**TASK OBJECTIVE**. Starting at the first line of the data, print every line up to and including the one with "a collection of", but no pictures.

**INFORMATION**.
- - -
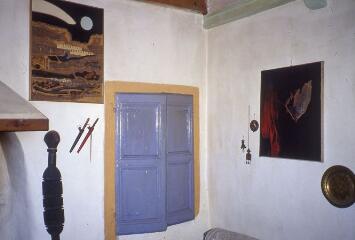 2 vues Vues partielles du salon, avec des peintures au mur.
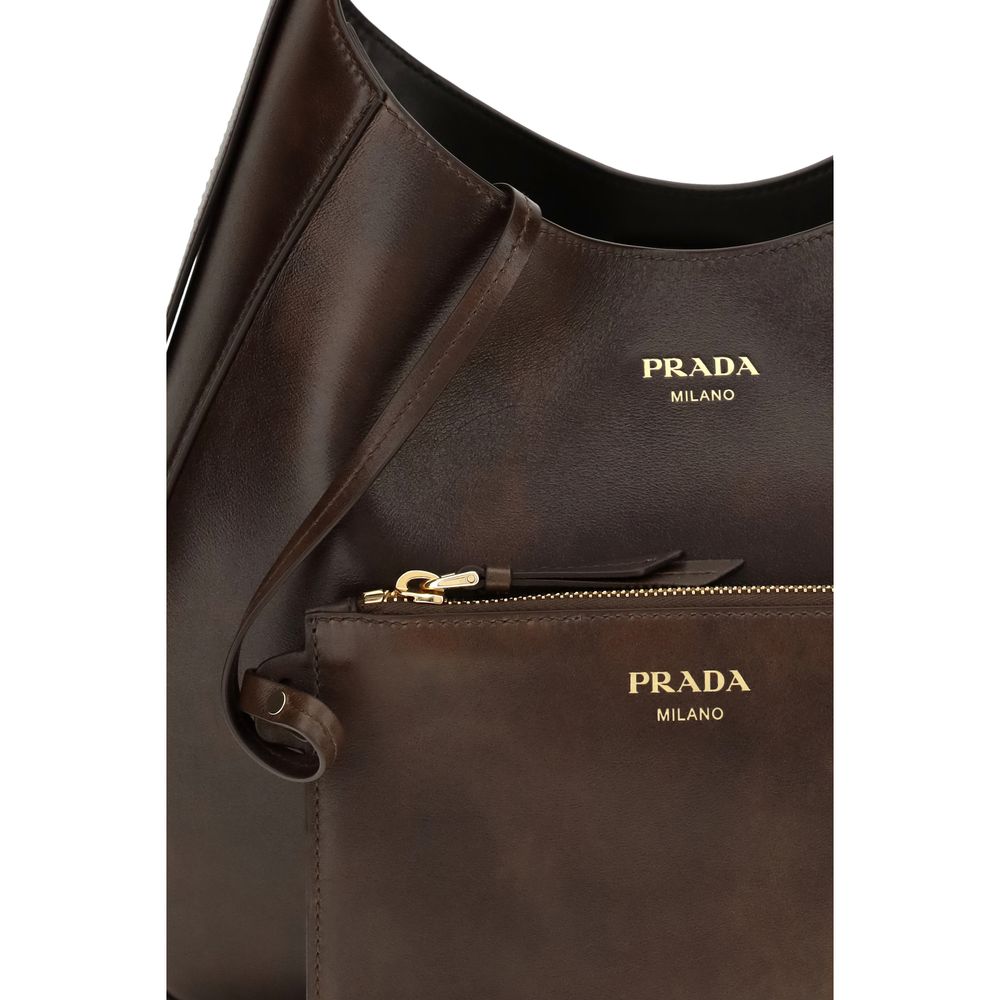 Medium Shoulder Bag by Prada for women in bos taurus calf leather brown features a distinguished silhouette, showcasing a secure zipper & magnetic and distinguished with versatile shoulder-strap, adjustable-strap & handle for a distinguished finish.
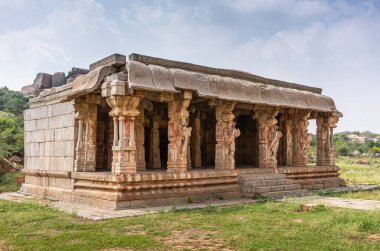Hampi, Karnataka, Hindistan - 5 Kasım 2013: KudureGombe mandapam ve antik kuyu. Mavi bulutların altında yeşil ortamda kurulmuş kahverengi taş binanın yakınına. At heykelleri..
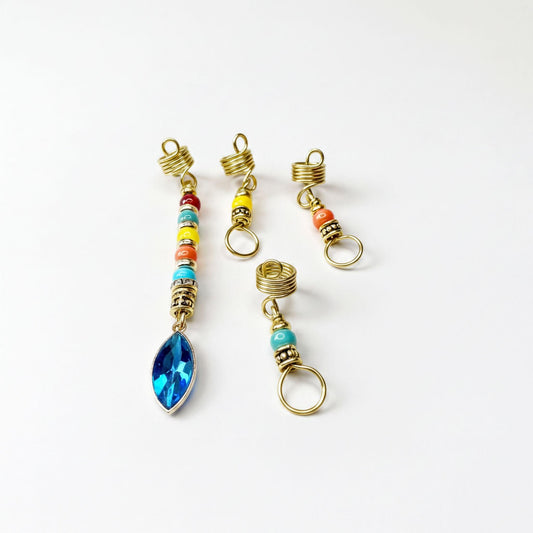 a collection of colorful, gold-colored hair accessories, including earrings and hair clips, arranged on a white background.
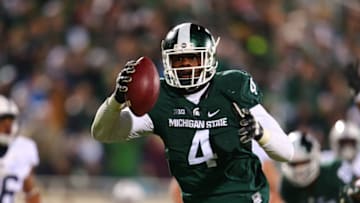 EAST LANSING, MI - NOVEMBER 28: Malik McDowell #4 of the Michigan State Spartans intercepts a pass and returns it for the touchdown in the fourth quarter against the Penn State Nittany Lions at Spartan Stadium on November 28, 2015 in East Lansing, Michigan. (Photo by Rey Del Rio/Getty Images)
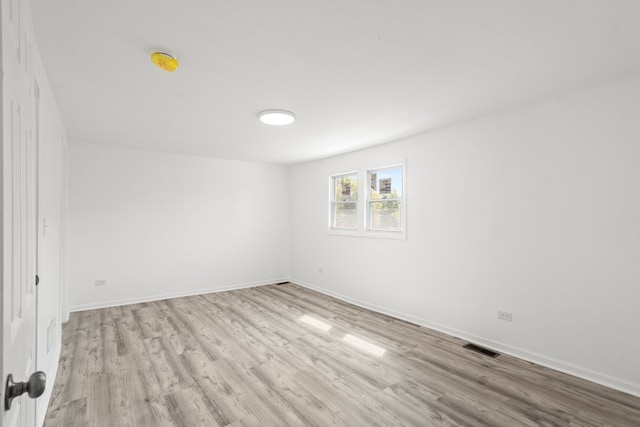 empty room with light wood-type flooring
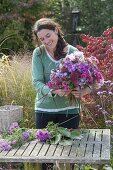 Woman binding autumn bouquet with perennials and grasses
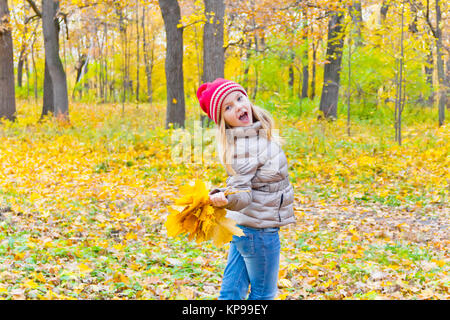 Ragazza carina con mazzi di fogli in autunno Foto Stock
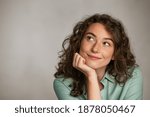 Portrait of young thoughtful woman with hand on chin having an idea against grey background. Pensive woman looking away while thinking. Close up face of girl planning her future isolated on gray wall.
- - -
**SOLUTION TO THE EXERCISE**.
 2 vues Vues partielles du salon, avec des peintures au mur.
 Medium Shoulder Bag by Prada for women in bos taurus calf leather brown features a distinguished silhouette, showcasing a secure zipper & magnetic and distinguished with versatile shoulder-strap, adjustable-strap & handle for a distinguished finish.
Hampi, Karnataka, Hindistan - 5 Kasım 2013: KudureGombe mandapam ve antik kuyu. Mavi bulutların altında yeşil ortamda kurulmuş kahverengi taş binanın yakınına. At heykelleri..
 a collection of colorful, gold-colored hair accessories, including earrings and hair clips, arranged on a white background.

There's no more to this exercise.